While running errands last week, we found ourselves passing by the lovely New York Public Library. She is a beauty. Where else can you walk, past the lion statues guarding the front, away from the buzzing and honking and rushing of the streets, through a sparkling revolving glass door, to find yourself in marble-walled silence? Within the library exists a certain stillness which is so elusive in the city.  Time slows down, knowledge and wisdom overcome movement and schedules, and all is calm. I immediately discovered two things upon entering the grand ol' library. {1} I still love it, & {2} it may be the most stroller-unfriendly building in all of New York. 

The place is made of wraparound staircases, not an elevator to be found. Majestic, breathtaking, shiny, inconvenient staircases. Staircases & books. Of course I never noticed this before I had a bambino. So we didn't make it all the way up together or stay long (Biet was sleeping anyway), but I did leave the husband and the child to wander through the building on my own for a little while. I so look forward to bringing Biet to story time here in a few months (when she is big enough to both walk and grasp the concept of storytelling). 
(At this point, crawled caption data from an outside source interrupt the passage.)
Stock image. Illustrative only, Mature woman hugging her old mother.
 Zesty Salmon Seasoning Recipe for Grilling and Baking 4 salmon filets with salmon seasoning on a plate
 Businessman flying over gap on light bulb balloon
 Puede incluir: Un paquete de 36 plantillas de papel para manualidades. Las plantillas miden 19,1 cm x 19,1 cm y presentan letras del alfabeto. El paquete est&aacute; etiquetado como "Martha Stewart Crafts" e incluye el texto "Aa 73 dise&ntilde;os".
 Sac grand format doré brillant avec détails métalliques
The NY Public Library always reminds me of my late Grandfather, my Mother's father, Horace. He used to take me and my sisters, when we were tiny, to the downtown Portland library every week. He would teach me how the books were organized with their secret codes of numbers and letters. He signed me up for my very own (!) library card, and showed me how, with it, I could take home all the books that I wanted. I remember coming to him, after joyously perusing the children's' section for close to an hour, with arms spilling over with of all the magical storybooks I could carry. He would help me sift through to find the very best ones to carry home that week. And we would check them out and drive home, and he would read them to me. 

We called him Grampy, and, as I remember, he was the smartest man in the world. He used to tell me that he had read every single book in the library, and that if I kept at it, I would one day accomplish the same. I remember that seeming like a very exciting and reasonable challenge. Grampy sparked my lifelong fascination with storytelling and love of literature, and for this I am grateful. I'm sure he would have loved the New York Public Library. I know he would have loved the fact that I bring Biet here, and that I will teach her, also, to search through the vast rows and rows of books and to discover her favorites. I hope to instill in her the same wonder that Grampy fostered in me so many years ago. He was a well-traveled man, and I often wonder if he ever stepped foot inside the great New York Public Library. I hope so.